Pour le nouvel espace de plus de 1.000 mètres carrés implanté au coeur de Redu, le fameux « village du livre », Xavier Wielemans a conçu un véritable chef-d’oeuvre. Sa création reproduit très fidèlement le célèbre tableau de Jérôme Bosch La Tentation de saint Antoine, à ceci près que la version qu’il en livre est ponctuée de « 60 points de sensibilité », comme le précise la conservatrice Karlin Berghmans. Osant un doigt sur la surface de l’oeuvre, on active une série d’animations qui créent une proximité inédite avec ce classique de la peinture flamande en même temps qu’elles aident le regardeur à l’appréhender autrement. Ce dernier doit d’abord résoudre une énigme: trouver le fameux plongeur qu’on lui conseille de chatouiller. Attention, alerte spoiler: le voilà, à mi-hauteur et à droite du panneau central, en équilibre sur un édifice de pierre. Un petit aller-retour d’index à hauteur du nombril et le personnage en pagne effectue une jolie pirouette. Il y a de quoi rester bouche bouée, totalement décontenancé de voir se mouvoir cette partie ignorée du tableau.

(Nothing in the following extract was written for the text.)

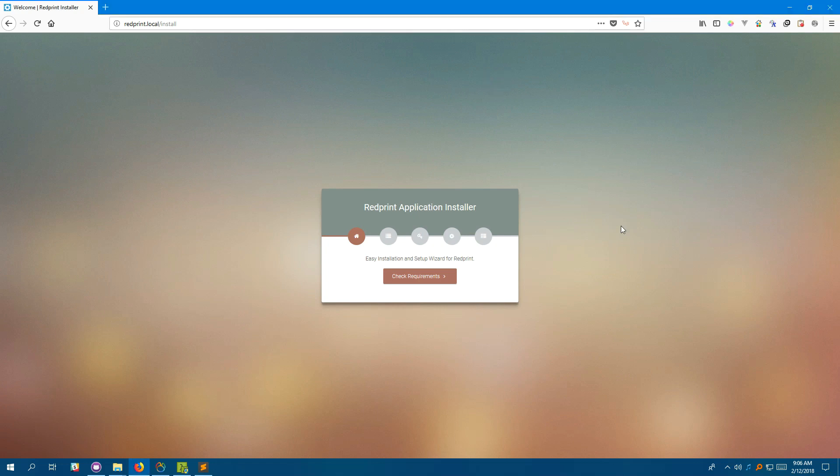Hello everyone. Today I'm going to introduce to you a brand new Laravel app development kit called RedPrint. RedPrint can be a very good starting point for your next big Laravel project.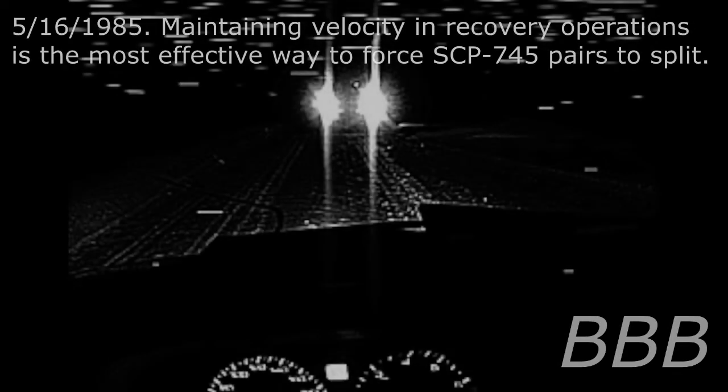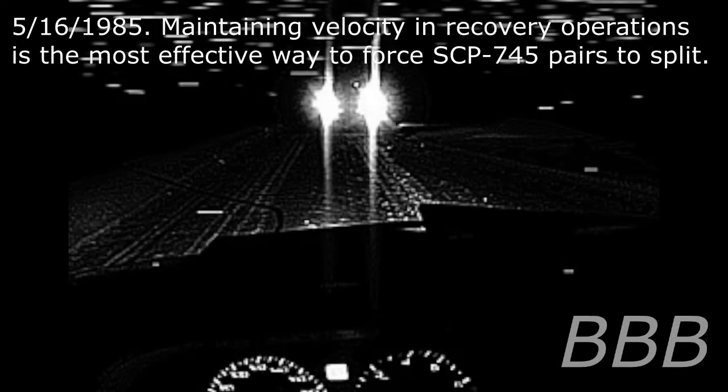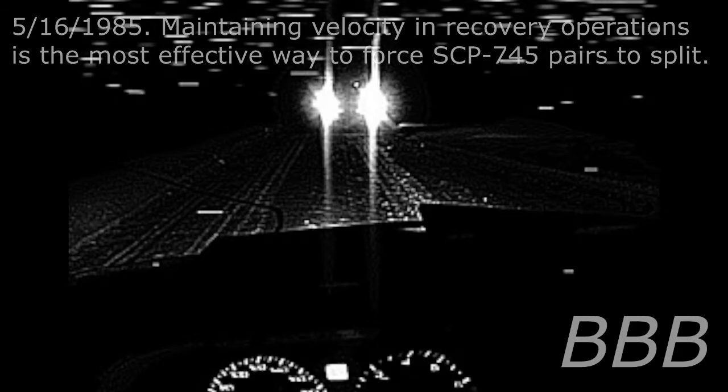Item number SCP-745, Object Class Euclid. Special Containment Procedures:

Alors qu’il croyait bien connaître la toile, l’amateur se heurte à une cruelle évidence: ses pupilles ne s’étaient jamais attardées de ce côté de l’arrière-plan. Idem pour les maisons qui brûlent sur la gauche, le cauchemar qu’elles suggèrent ne l’avait jamais pénétré avec autant d’intensité. A sa décharge, il faut avouer que chaque fois qu’il a vu une toile de Bosch, il lui a fallu lutter avec des armées de visiteurs pour obtenir quelques minutes de contemplation… hélas bien approximative, il s’en rend compte désormais. Du coup, il se prend au jeu, déclenchant tout ce qui est possible, jouant compulsivement du pouce. L’inspection tactile possède un effet inattendu: elle prolonge l’oeil en inscrivant la composition profondément dans la mémoire, faisant place à une connaissance plus intime de cette scène foisonnante.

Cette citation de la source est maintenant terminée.